L’exemple de la BCE, bien que fort différent, va dans le même sens. Dans le cas européen, la dette publique de bonne qualité ( la dette allemande) est trop rare en raison du faible endettement allemand et des exigences impulsées par « L’EMIR »[2]. La dette publique de la zone euro suppose toujours des monétisations massives de la part de la BCE (épargne fictice donc dette accrue) mais dans le respect des poids économiques de chaque pays. Cela signifie que, pour empêcher l’emballement des taux comme la FED aux USA, il faut ici, pour soutenir largement les dettes faibles (celles du sud de la zone)  acheter de la dette de qualité  ( les bons allemands) relativement rare. Il en résulte mécaniquement des taux négatifs en particulier sur la dette allemande (la demande est plus forte que l’offre).

Ainsi les banques centrales restent le roc indestructible sur quoi repose une finance hors-sol…. mais en artificialisant les taux et en créant une épargne de plus en plus fictive qui inonde le monde….

Quelles en sont les conséquences ?

Bien sûr, en inondant le monde de liquidités, la création monétaire sans retenue permet l’élargissement sans limite des jeux financiers avec, au final, la financiarisation de toutes les activités humaines.[3] On en connait les effets pervers souvent décrits sur ce blog : aggravation des inégalités, rachats massifs d’actions[4], spéculation immobilière, artificialisation des bilans, rentabilité affaiblie des banques et compagnies d’assurance, couples entreprises/banques zombies, etc.

Ces faits sont évidemment très graves mais l’essentiel est sans doute ailleurs.
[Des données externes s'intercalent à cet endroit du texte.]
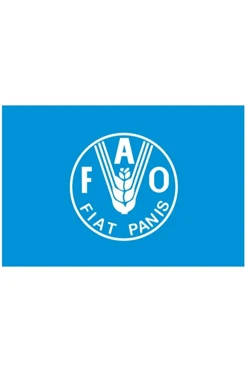 Купить флаг Всемирной продовольственной организации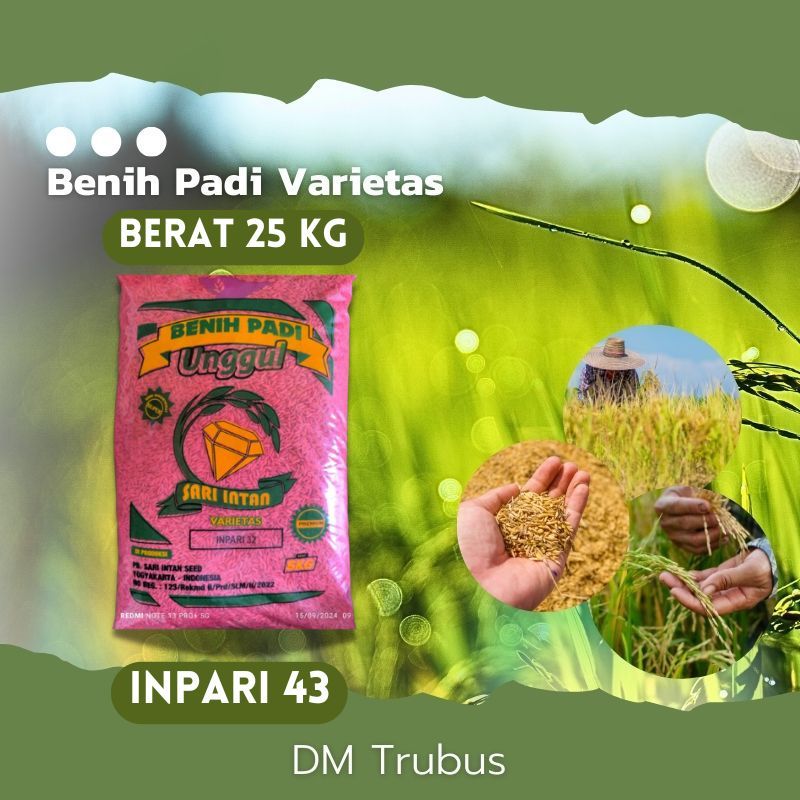 BIBIT BENIH PADI VARIETAS INPARI 43 ORIGINAL SARI INTAN 25 KG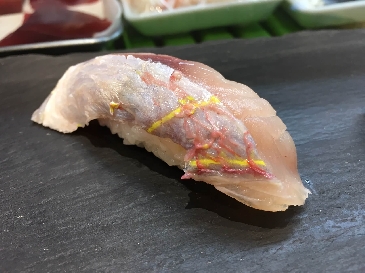 Goldstreifen-Meerbrasse (Itoyoridai)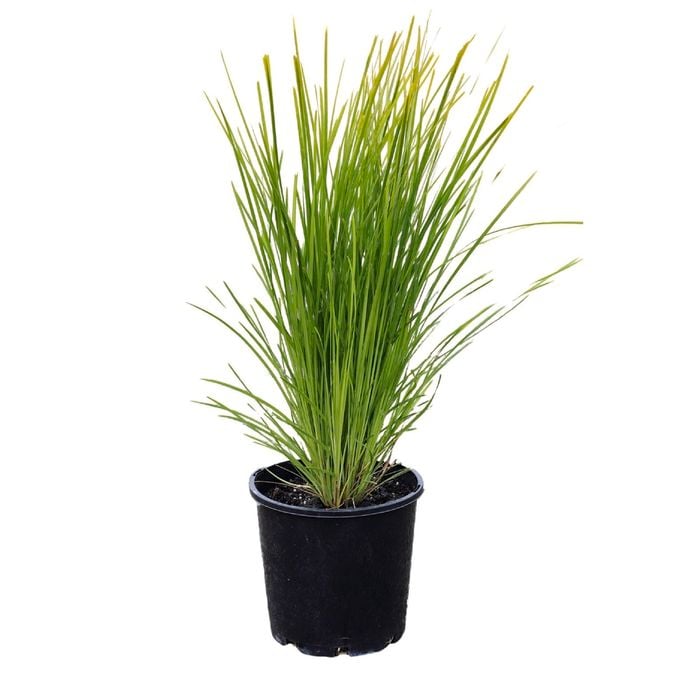 2L Lomandra Lime Tuff - Lomandra longifolia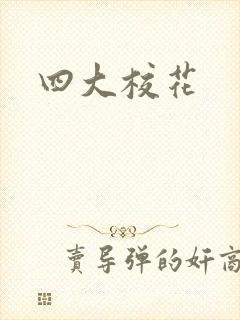 四大校花封面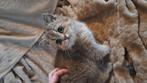 Lieve kitten GERESERVEERD, Dieren en Toebehoren, Poes, Ontwormd, 0 tot 2 jaar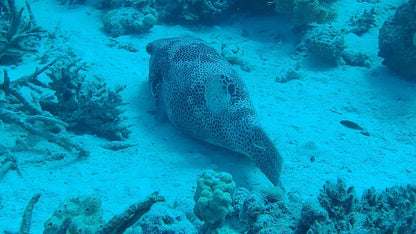 艾尔古纳：半日浮潜之旅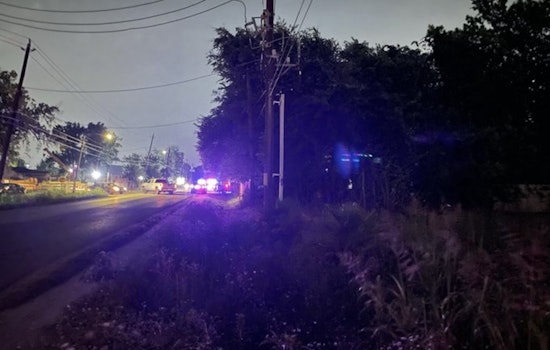 K9s Swarm Campbell as Houston Cops Hunt Theft Suspects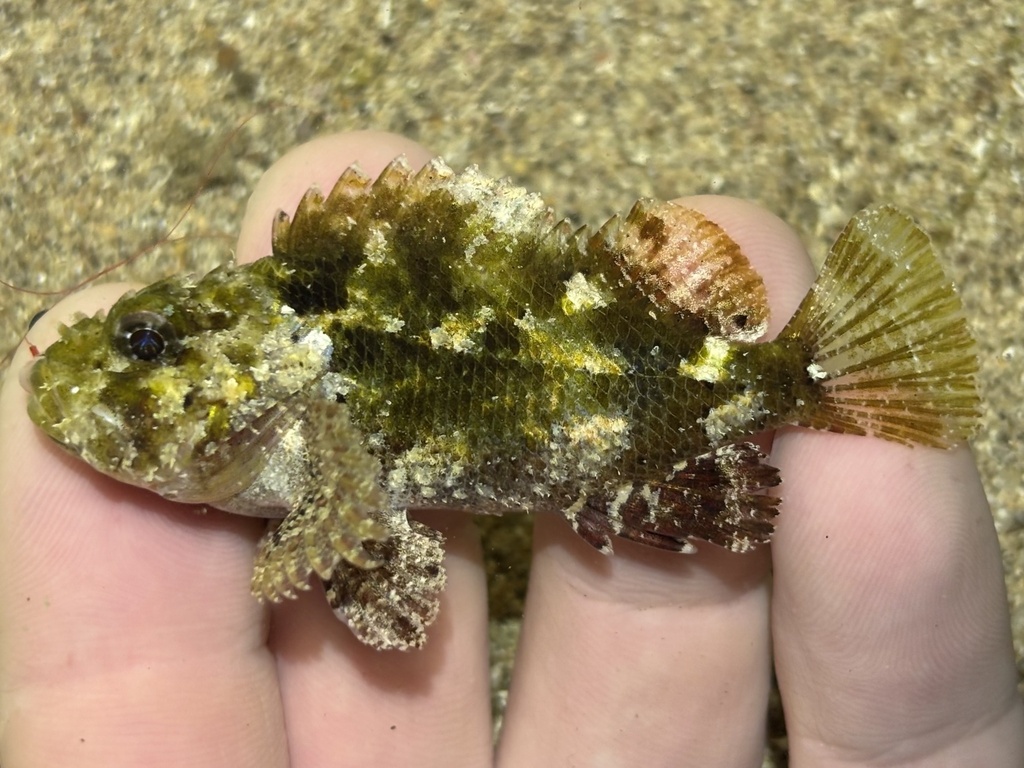 Minor Scorpionfish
L’artificialisation des taux ne permet plus l’allocation efficiente du capital et autorise toutes les dérives sur l’économie réelle. Affirmation qui mérite le détour d’une explication.

 Lorsque les taux d’intérêt sont positifs, ils sont naturellement l’élément central de l’allocation : je vais affecter mon épargne à tel usage si ce dernier m’apporte un rendement supérieur ou égal au taux de l’intérêt. Si les taux sont très faibles- parce que les dettes sont devenues gigantesques et qu’il a fallu produire une non moins gigantesque épargne artificielle - alors il devient possible d’allouer le capital vers des zones moins efficientes, mais aussi obligatoire de rendre ces dernières brutalement plus efficaces. L’endettement facile permet en effet d’acheter à prix élevés des entreprises peu rentables…et de les rentabiliser par un management ou une réorganisation brutale. Les anciens actionnaires sont gagnants, et les nouveaux deviennent obligatoirement brutaux pour rembourser l’épargne artificielle mise à leur disposition. Dans nombre de cas, la valeur ajoutée produite n’augmente pas et se trouve simplement redistribuée entre actionnaires ou financiers et salariés. Ce qui nous renvoie à une logique de croissance faible et de fort développement des inégalités. Ce n’est plus le talent schumpetérien qui est rémunéré, mais la cupidité de simples rentiers. Globalement l’artificialisation de l’égalité des « besoins de financement » et des « capacités de financement » engendre des effets macroéconomiques et macrosociaux contestables.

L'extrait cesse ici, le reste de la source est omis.